As for the Jesus disallowed goal, I was completely stunned after celebrating wildly. For the Spurs fans and players it was quite the opposite. Yet it was perhaps not the usual reaction to moments of joy experienced in football.
Take the reaction of Hugo Lloris, for example. He was laughing. Not at City’s misfortune, but at the ridiculous nature of the decision and how it was made.
It’s important to recognise here that the law regarding handball has been a key factor in early season VAR controversy. “VAR has done it’s job” many have exclaimed. Maybe it has. VAR after all, was brought into bring in a more just nature to refereeing decisions.

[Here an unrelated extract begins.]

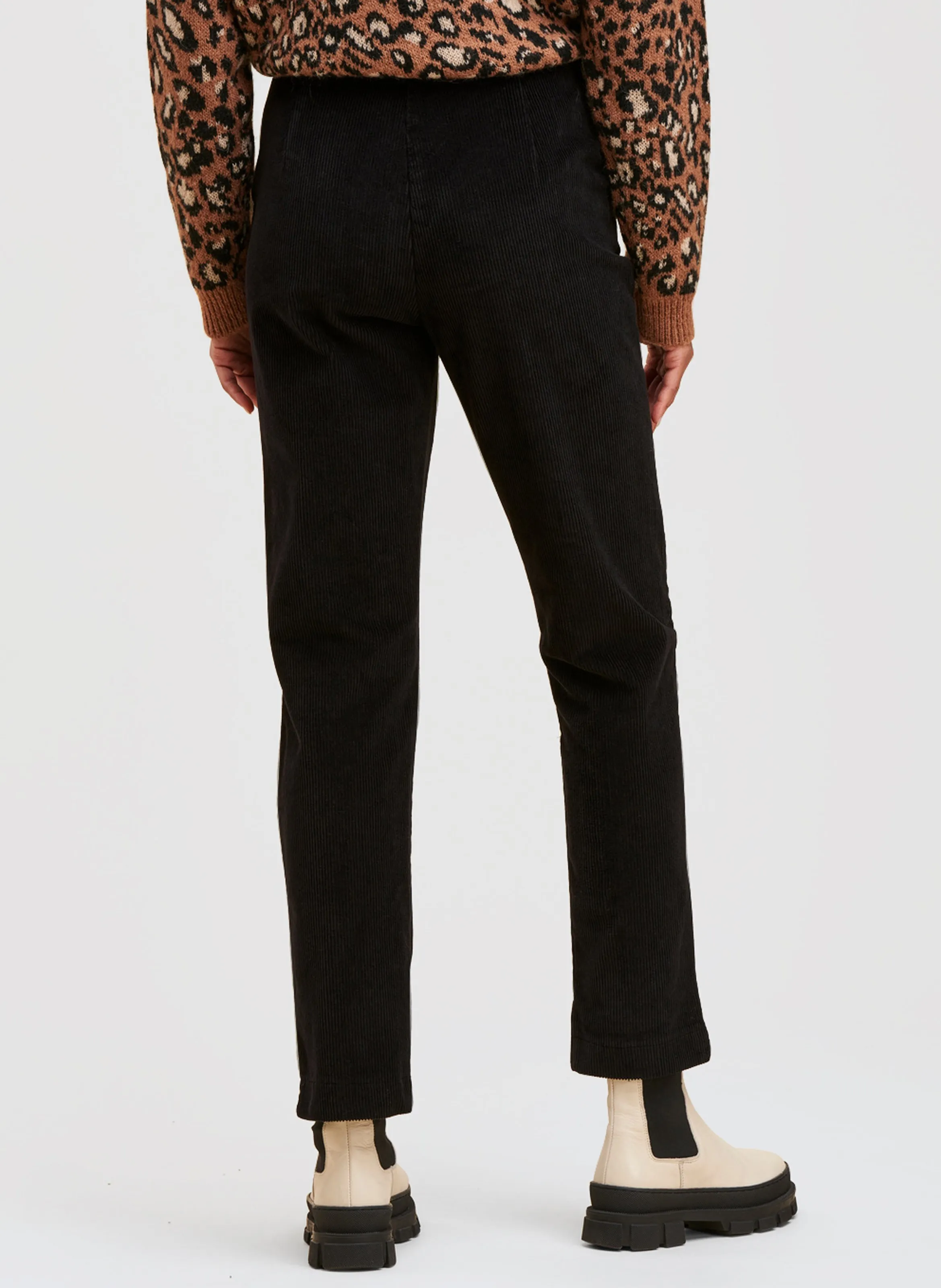 LA FEE MARABOUTEE Pantalón recto de mezcla de algodón de talle alto en negro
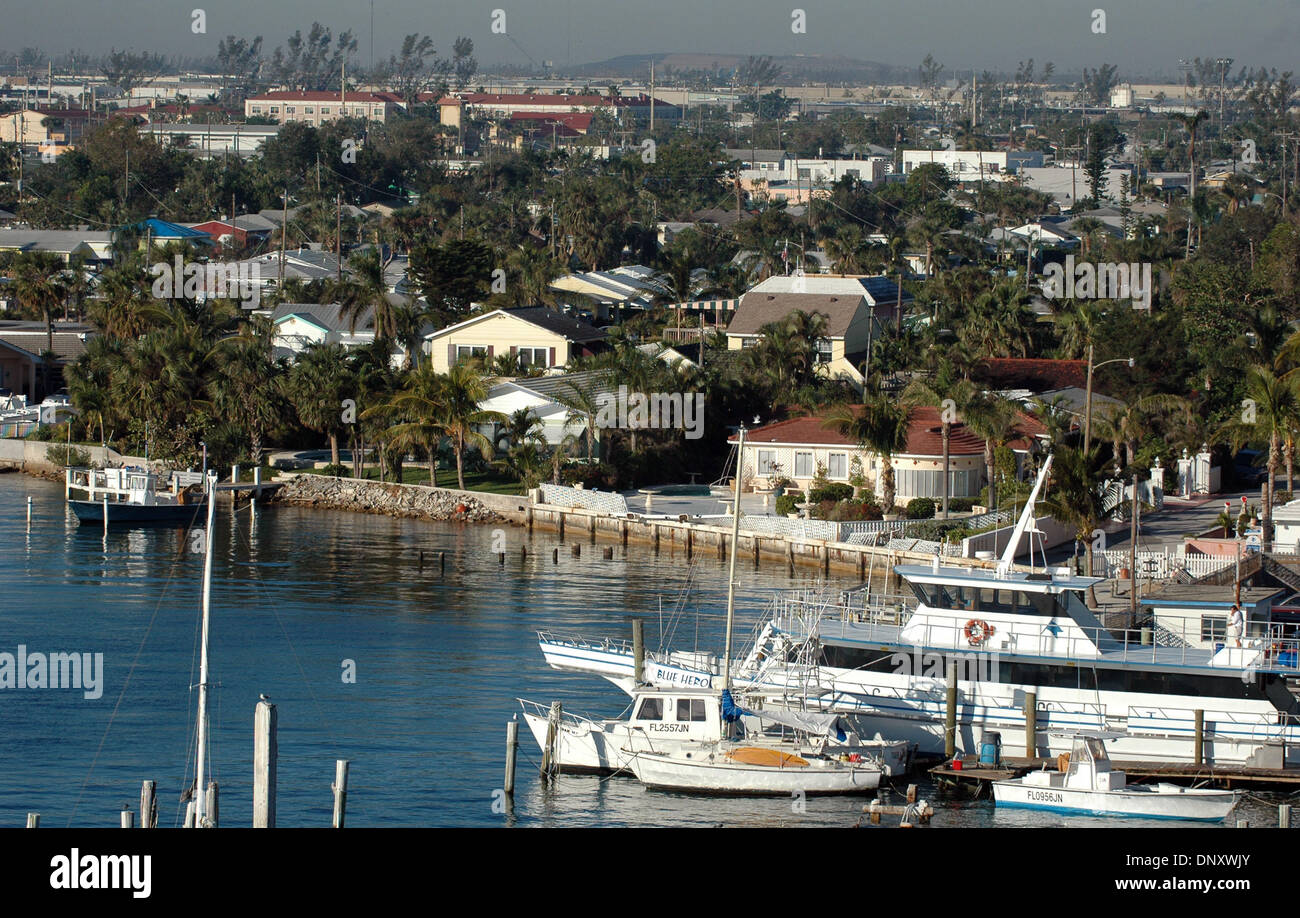 5. Januar 2006; Riviera Beach, FL, USA; Uferpromenade in Riviera Beach, FL, wo der Bürgermeister Landesgesetz Eminent Domain verwenden, um Bewohner zu verlagern, um den Bereich Luxus-Immobilien, einschließlich einen Yachtclub sanieren zu erzwingen will. Obligatorische Credit: Foto von Robin Nelson/ZUMA Press. (©) Copyright 2006 von Robin Nelson Stockfoto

Many people felt that for too long we are left with inconsistency and a sense of injustice regarding decisions made from the referee and we needed the technology to enable a more balanced and fair game. I was one of them. However, the effect it now has on the match-going fan means that I am now strongly against it.

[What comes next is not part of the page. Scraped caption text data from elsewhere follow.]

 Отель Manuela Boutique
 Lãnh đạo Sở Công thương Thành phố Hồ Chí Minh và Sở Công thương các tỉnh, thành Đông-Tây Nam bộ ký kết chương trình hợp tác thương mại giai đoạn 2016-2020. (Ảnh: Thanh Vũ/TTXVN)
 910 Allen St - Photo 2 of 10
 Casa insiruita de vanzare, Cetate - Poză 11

As with most things introduced into the game of late, it’s the match-going fans that suffer. With European football being exposed to a worldwide audience, the vast majority of football fans don’t attend games. It seems that currently, most fans who regularly watch on TV don’t seem to mind the introduction of VAR.

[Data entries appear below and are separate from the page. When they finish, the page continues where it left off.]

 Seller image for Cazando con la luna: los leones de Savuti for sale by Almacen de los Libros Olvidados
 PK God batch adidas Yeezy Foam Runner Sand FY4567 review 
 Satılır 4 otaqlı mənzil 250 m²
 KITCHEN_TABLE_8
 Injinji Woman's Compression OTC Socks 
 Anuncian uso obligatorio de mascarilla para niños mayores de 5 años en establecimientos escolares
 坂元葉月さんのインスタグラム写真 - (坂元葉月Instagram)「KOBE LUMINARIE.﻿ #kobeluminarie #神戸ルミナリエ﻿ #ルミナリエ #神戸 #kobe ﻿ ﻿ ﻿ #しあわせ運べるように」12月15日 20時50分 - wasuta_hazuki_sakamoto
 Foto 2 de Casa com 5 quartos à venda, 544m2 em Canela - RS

They are fully aware of what is going on and some would even say it is added an extra element of controversy that they enjoy. So there is perhaps an argument to say that the experience of match-going fans should not be the priority, given the amount of people who seem to enjoy VAR’s inclusion around the world.
Yet part of the experience of watching the game on TV is the crowd, the atmosphere, the way fans engage with the game. It is this crowd engagement combined with the quality of football, which entices fans to watch the Premier League. Causing loyal supporters of Premier League clubs to become disillusioned and fearful of celebrating goals immediately will surely hinder the overall experience of football, whether you’re at the game or watching at home.
To many people it might be amusing that the Premier League champions have had a lot of bad luck with VAR in 2019. There’s nothing really wrong in revelling in another fan’s misfortune but they should all realise that it will happen to them one day.
They, as I did, will celebrate a goal in the dying moments of the game only to find that it’s been ruled out leaving them feeling exasperated, confused and pissed off.